Jack Shank’s book, “Meridian: Queen with a Past, Volume 1” discusses the rich history of Meridian and explains where the name “Queen City” came from.
One of the reasons that Meridian is called the “Queen City” is because it is the burial place of Kelly Mitchell, queen of the Romany Gypsies. The second reason for the city’s nickname is because it was an important stop for “The Queen and Crescent” passenger train that ran between Cincinnati and New Orleans in the 1880’s. The third reason that Meridian is called the “Queen City” is because of a pageant that was promoted by the city’s Board of Trade that was entitled “Queen of the East”.
Meridian found her beginning after the release of Indian land through the signing of the Treaty of Dancing Rabbit Creek on September 28, 1830. The treaty opened the land that would become Lauderdale County three years later. It would be thirty years later that the city of Meridian would be born.
Settlers were slow to move into the Lauderdale County area. The first settler of the area was Richard McLemore. McLemore migrated to the area in 1831. He saw the potential that the area had to become a town. He persuaded others to come to the area by offering free land. It was not long before the area grew.
Meridian’s true birth came with the railroad. The early settlers know that the railroad would put the city on the map. Meridian’s Founding Fathers, John T. Ball and Lewis A. Ragsdale, pushed hard to get the railroad companies to expand through Meridian. It was only through a twist of fate that Meridian finally received her railroad.
The author Jack Shank provided realistic details of William Sherman and his time in the area. Shanks explores the reality of war through his description of the results of the burning the houses of Meridian’s citizens and the destruction of her prized railroad.
The fall of Jackson to the Union during the Civil War led to Meridian being named the capital of Mississippi for a brief time.
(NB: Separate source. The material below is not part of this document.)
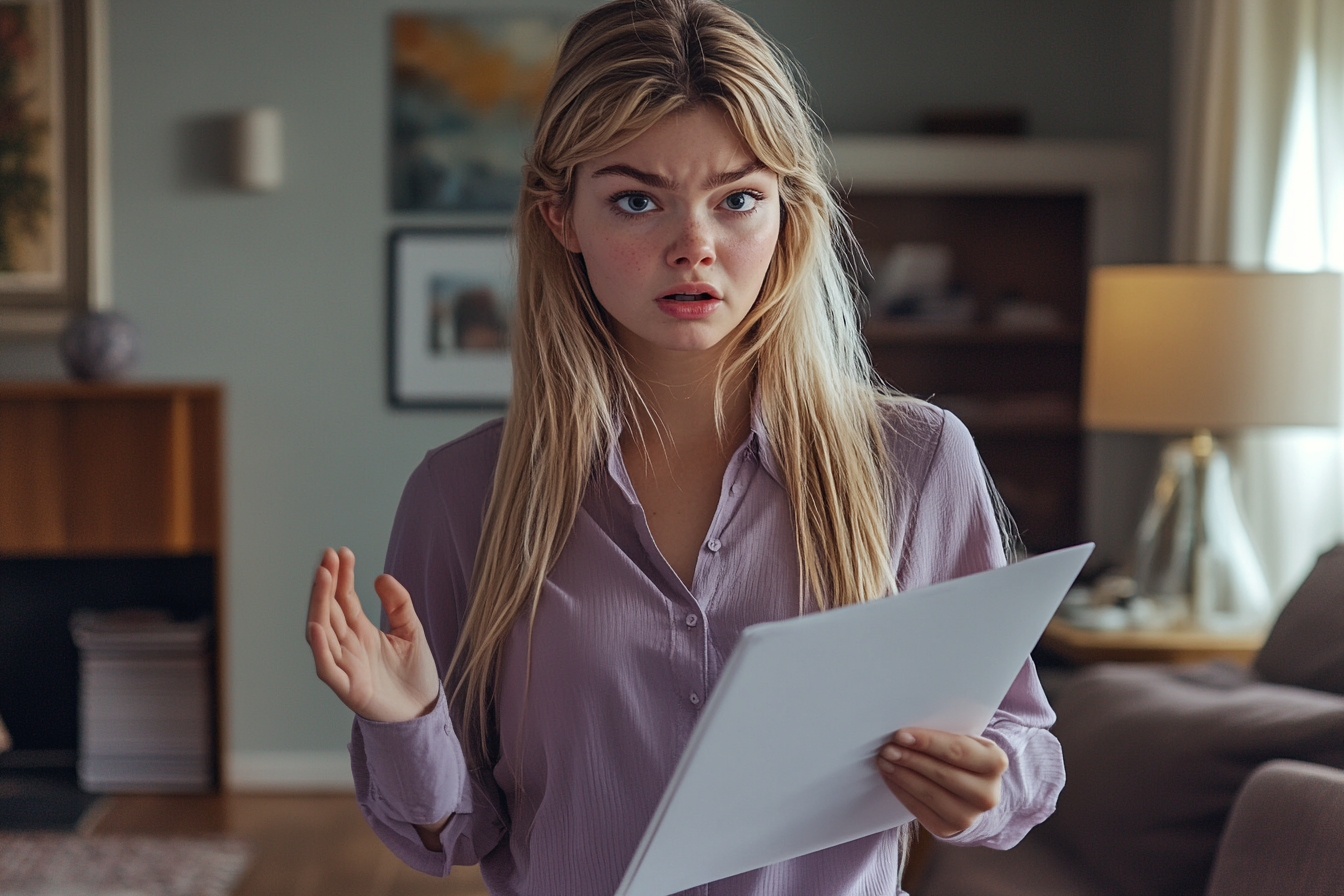 Une femme tenant un dossier blanc, l'air en colère et agitant la main | Source : Midjourney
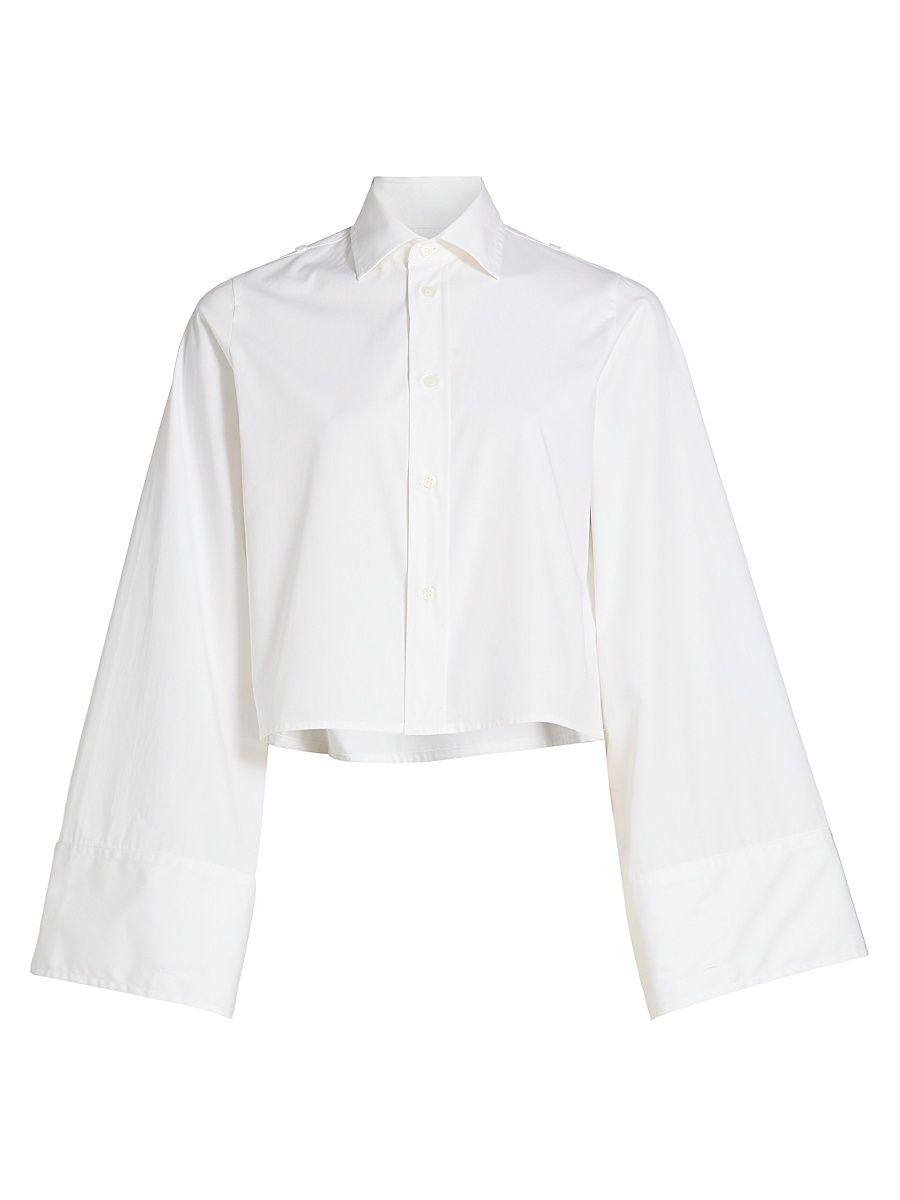 Women's Boxy Poplin Shirt - White - Size 8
Meridian was chosen because of her railroad.
Also of interest was Meridian’s tribute to its dead. The origin of the “Threefoot Building”, Meridian’s only skyscraper is discussed. What most people don’t know is that it was built in honor of Abraham Threefoot by his three grandsons.
One of the most interesting tributes was that of Mrs. Leila William Smith. Mrs. Smith had an unusual funeral. Instead of the traditional funeral, Mrs. Smith had her funeral done in the style of a wedding. She was buried in pink satin and her face was covered with a veil. She was placed on a bed of roses, and young women lined the stairway in white dresses with bouquets in their hands. It was the first open casket ever seen in Meridian.
The author also goes into details about the racial unrest in the city after the war. The 1960s marked some of Meridian’s darkest days. Shank did not hide the involvement of Meridian’s citizens in the hanging of blacks they felt were troublemakers.
Is “Meridian: Queen with a Past. Volume 1” a good read? Yes, it is. It is alive and rich with the fascinating history of the town. It is only a 163 pages long, and it is published by Southeastern Printing. The book is easy to read. People interested in learning about the South must read this book.